Killing stale feature flags automatically

March 24, 2026·5 min read·

feature flagstech debtautomation

If you want to know how old a codebase is, count the feature flags that have been at 100% for more than a year. I have yet to meet a team whose answer was anything but "too many, and we're not going to touch them." The cleanup work is never urgent, the risk of touching working code is always non-zero, and the reward is invisible. It's the perfect shape for a task that never gets done.

We shipped an automated cleanup agent a few months ago. I was cautious about it — there's a difference between recommending a change and actually writing the code that deletes a branch. But the response from customers has been the warmest of anything we've launched this year, and I want to walk through why it works and what it took to make it safe enough to trust.

The decision: is a flag actually dead?

Before the agent can delete anything, it has to answer one question with high confidence: is this flag actually finished? A flag at 100% for two weeks is not finished — maybe the team is still validating it, maybe they're planning to ramp it back down. A flag at 100% for twelve months almost certainly is.

We use four signals, and a flag has to clear all four before the agent will touch it:

Time at 100%. Default minimum is 90 days. Configurable per repo, and longer for flags tagged as "kill-switch-only."
Evaluation consistency. Every evaluation in the last 30 days has returned the "on" branch. No exceptions. If even one "off" evaluation shows up — maybe from a cron job, maybe from a specific user segment — the flag is presumed still load-bearing.
No recent edits. Nobody has opened a PR that touches the flag's code boundary in the last 30 days. If the code around the flag is actively changing, the cleanup PR will conflict with someone's in-flight work, so we hold.
No kill-switch tag. Flags that the team has explicitly marked as production kill-switches never get cleaned up, no matter how long they've been quiet. A kill-switch that's never been used is doing its job.

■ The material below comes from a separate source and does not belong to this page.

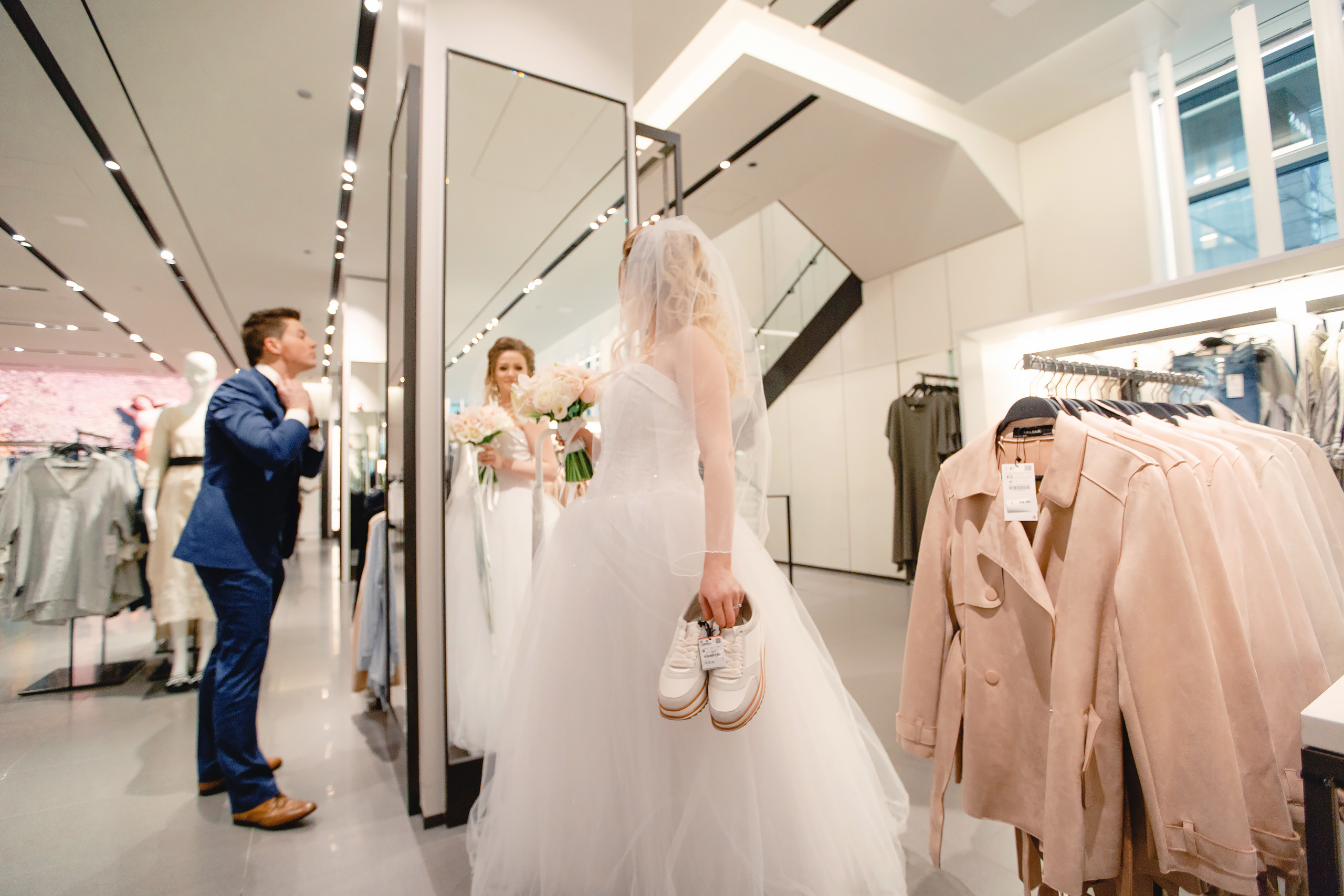 2018.04.16 Wedding. Wedding family event photographer in Chicago Nick Yushevich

A flag that clears all four is what we call "terminal." The agent files a cleanup PR.

The cleanup PR

Here's what a cleanup PR looks like when the agent opens it:

DeployRamp: remove terminal flag checkout_v2_enabled

This flag has been at 100% rollout for 127 days with no off-path evaluations. The change removes the flag boundary, keeps the "on" code path as the default, and deletes the fallback branch.

Files changed: 6 Lines removed: 184 Tests updated: 3

Merging this PR is reversible — if something breaks, git revert restores the flag and the fallback path in a single commit.

The diff itself is what you'd write by hand if you sat down to clean up the flag. The agent unwraps the if (flags.isEnabled(...)) block, inlines the "on" path, deletes the "off" path, removes the flag declaration, and drops the flag's import if nothing else in the file uses it.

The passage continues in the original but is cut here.